Imagine living in a lovely house in a beautiful Texas suburb for just $16.00.
Well for one man this amazing bargain became a reality. Ken Robinson, a self proclaimed real estate guru, claimed a $340,000 McMansion, complete with granite countertops, top of the line appliances and even a billiards room for the price of just four Big Macs.
That's right, for just sixteen bucks, Robinson took over a 3,200 sq. ft home, complete with a pool, in suburb outside Dallas, TX.
So how's this possible?
After the previous owner walked away when the home went into foreclosure, Robinson swooped in and took advantage of a little known law dating back to the Wild West called "adverse possession," which is sometimes still used today to settle property disputes. Robinson says he legally could occupy the home after filing a one page affidavit at the county clerk's office. The filing cost: just $16.00.
But this didn't sit well with many of his neighbors.
"You just don't move into a home that you didn't pay for. Where are the morals, where are the values?" one of Robinson's next door neighbors told INSIDE EDITION's Paul Boyd.
Robinson agreed to discuss his unique living situation in an exclusive interview with Boyd.
"How did you [first] get inside?" asked Boyd.
"I had the locks changed," answered Robinson.
"Some people would call that breaking and entering," responded Boyd.
"Okay," said Robinson. He continued: "Whoever the home owner was walked away."
"But that doesn't, Ken, when someone walks away that doesn't make the property a jump ball and the first person to move in takes over," countered Boyd.
"I totally agree," said Robinson.
And a judge recently agreed too. Robinson was evicted from the home earlier this month after nearly eight months of free rent. And now local authorities have launched an investigation.
Tarrant County Constable Clint Burgess told Boyd that all the media attention surrounding Robinson's $16 house has sparked a squatting spree across the Dallas-Ft. Worth, TX area.
"It's definitely a scam," claimed Burgess.
Burgess says dozens of copy-cats have followed Robinson's lead and moved into seemingly abandoned homes in the area, including a sprawling $2.7 million mansion that was also briefly taken over for $16.00.
"He set up a website basically teaching people how to do it." For $150 you can buy his book. For $250 he'll sit down with you and teach you how to do it," explained Burgess.
INSIDE EDITION purchased Robinson's e-book.
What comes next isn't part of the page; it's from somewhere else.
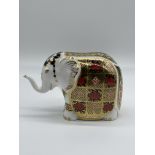 Royal Crown Derby - Imari Elephant. Good conditio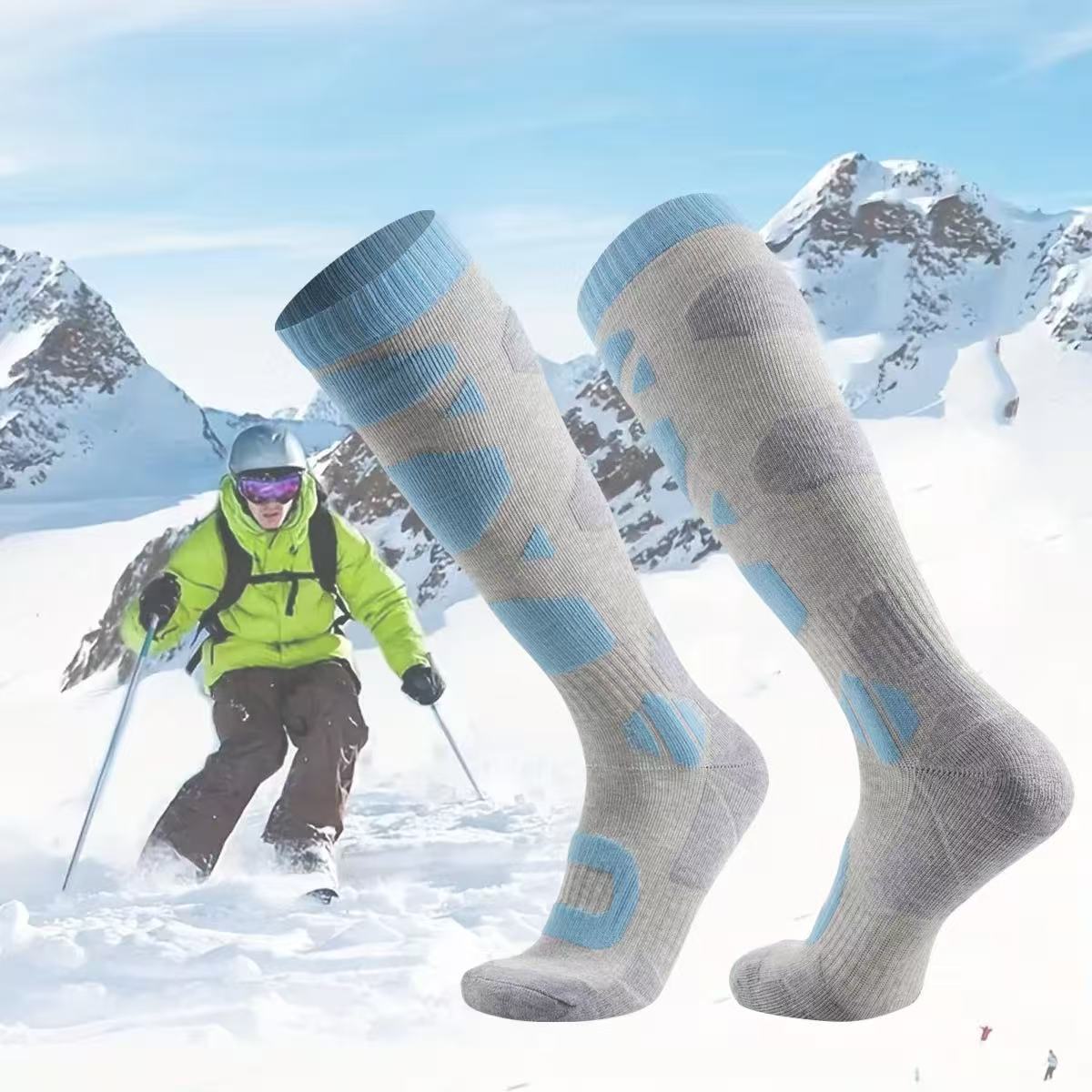 Kaus Kaki Ski Musim Dingin Teb - Thermal Sock Winter ulasan dan harga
In the book, Robinson offers guidance to would-be squatters on how to target abandoned homes and then "change the locks" and "post no trespassing signs."
Dallas attorney Patricia LaRue says that's exactly what happened to her client.
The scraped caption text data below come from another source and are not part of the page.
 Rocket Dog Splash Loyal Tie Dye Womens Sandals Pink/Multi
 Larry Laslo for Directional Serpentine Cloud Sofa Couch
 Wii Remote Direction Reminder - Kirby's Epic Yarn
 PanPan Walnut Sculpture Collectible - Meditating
"It's a scam. It's purely a scam," said LaRue.
LaRue says she agreed to help Brenda Thorton pro bono after she told her she was victimized by squatters connected to Robinson. Thorton was struggling to make payments on a $175,000 home after her husband died, when she says squatters moved in and trashed the place.
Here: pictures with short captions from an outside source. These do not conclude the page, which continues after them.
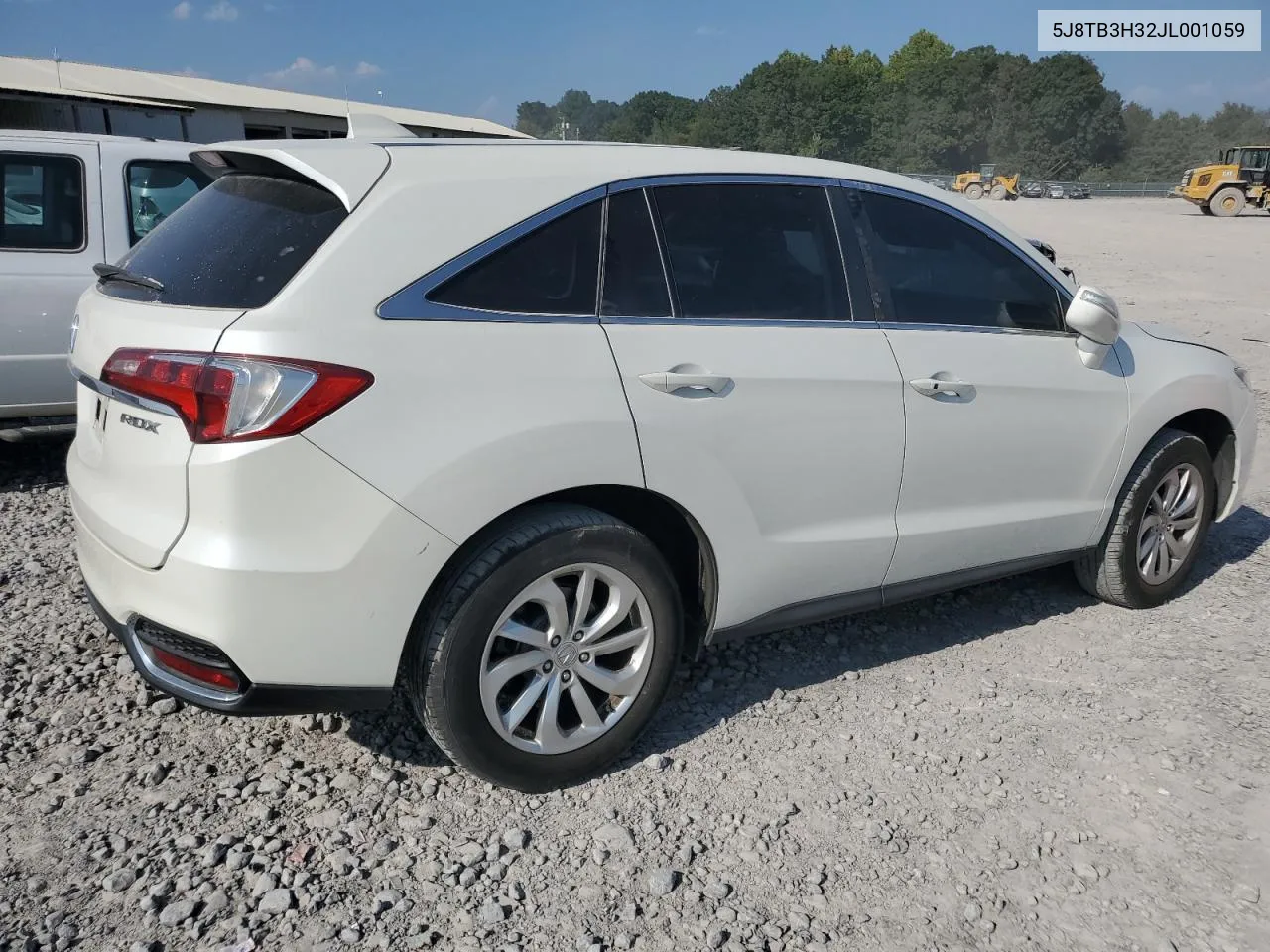 2018 Acura Rdx VIN: 5J8TB3H32JL001059 Lot: 69366154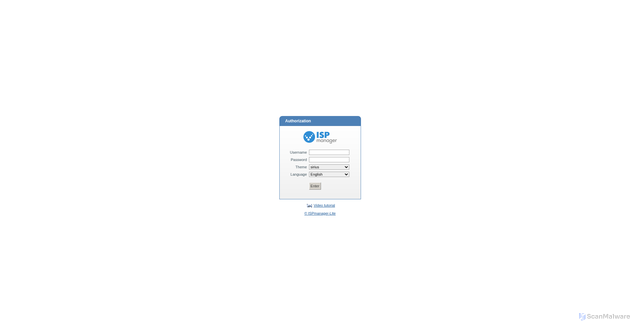 Security scan screenshot of https://www.garfo.ru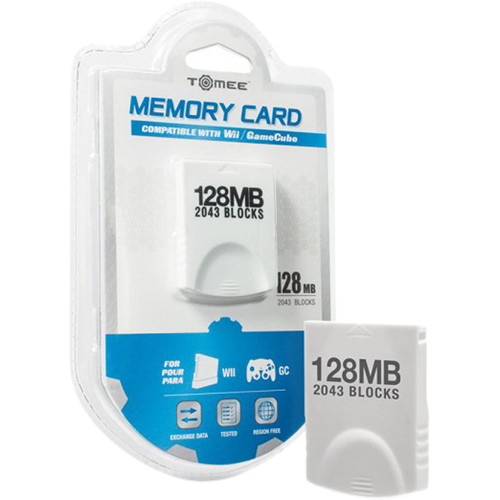 HYPERKIN Tomee 128MB Memory Card for Wii & GameCube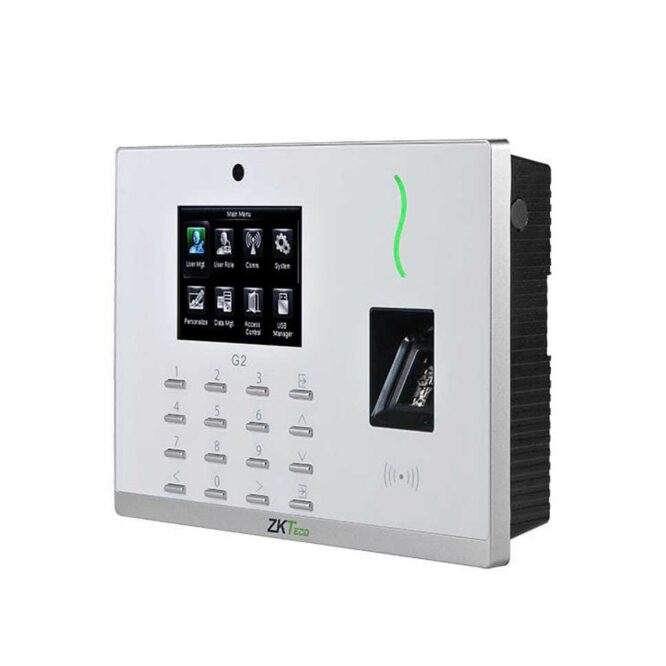 G2/ID CONTROL DE ACCESO ASISTENCIA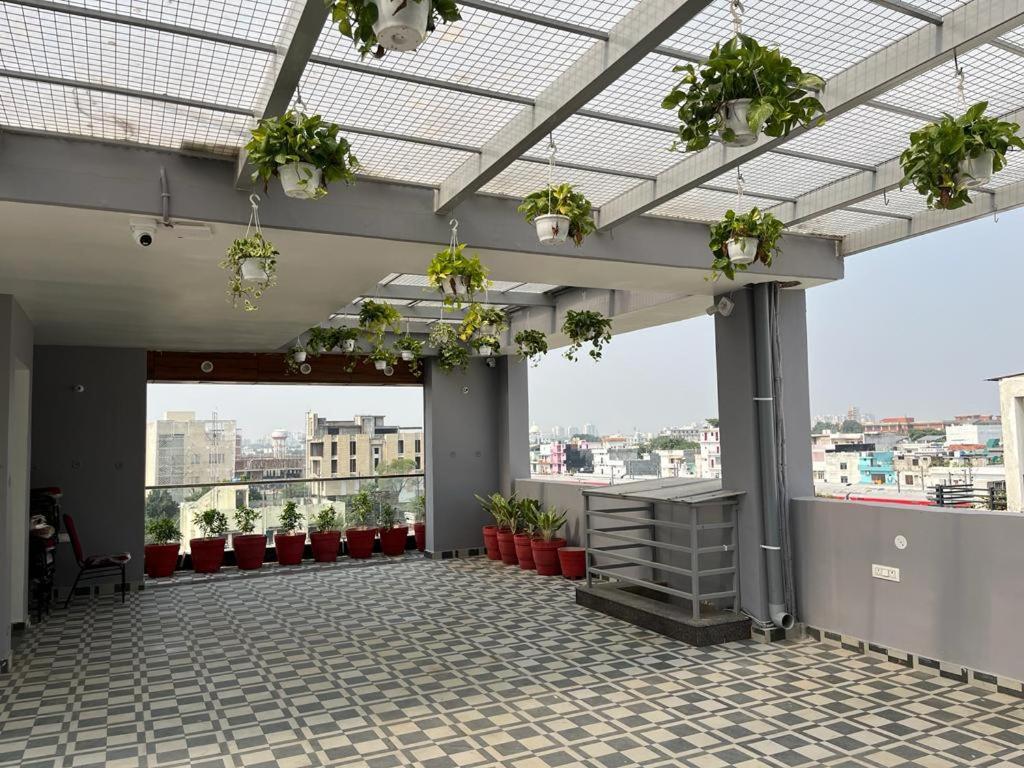 Hotel Royal Casa Lucknow Exteriör bild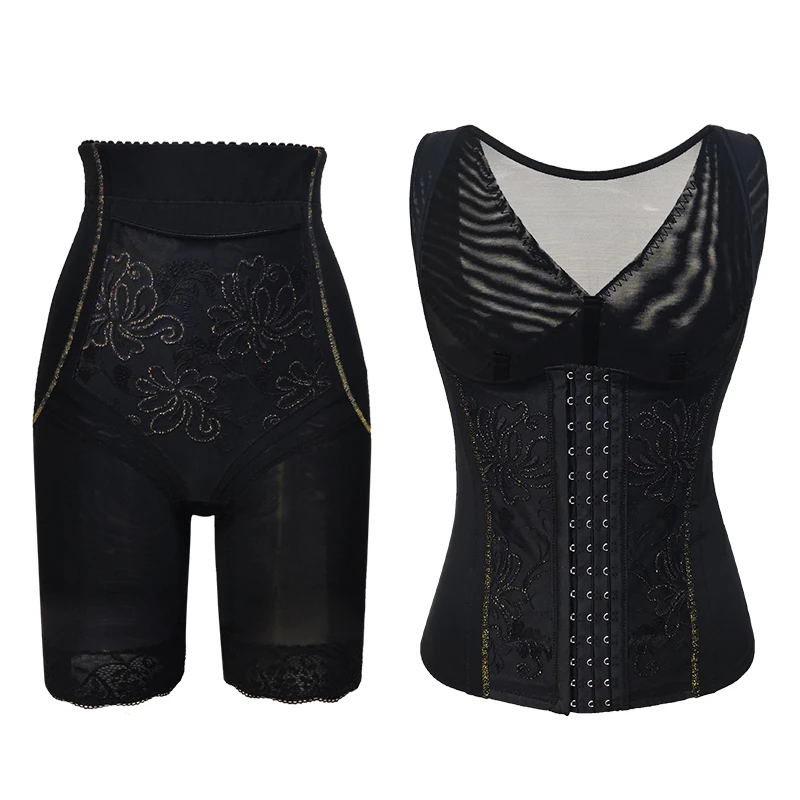 安提尼亚臻爱情人身材管理器皇室臻品收腹腰背夹提臀裤体雕衣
"It's devastating. It's sad to see your house trashed," Thorton told Boyd.
The squatters ruined the white carpeting in Thorton's home with pink nail polish, permanently stained the kitchen floor and left behind all sorts of other junk. The squatters were later evicted and arrested for burglary and theft.
The owner of another home was away getting chemotherapy treatments when squatters broke in and took over the house. They looted the place and sold of thousands of dollars worth of furniture and valuables and threw out everything else, including a cherished wedding dress and even the ashes of the beloved family dog.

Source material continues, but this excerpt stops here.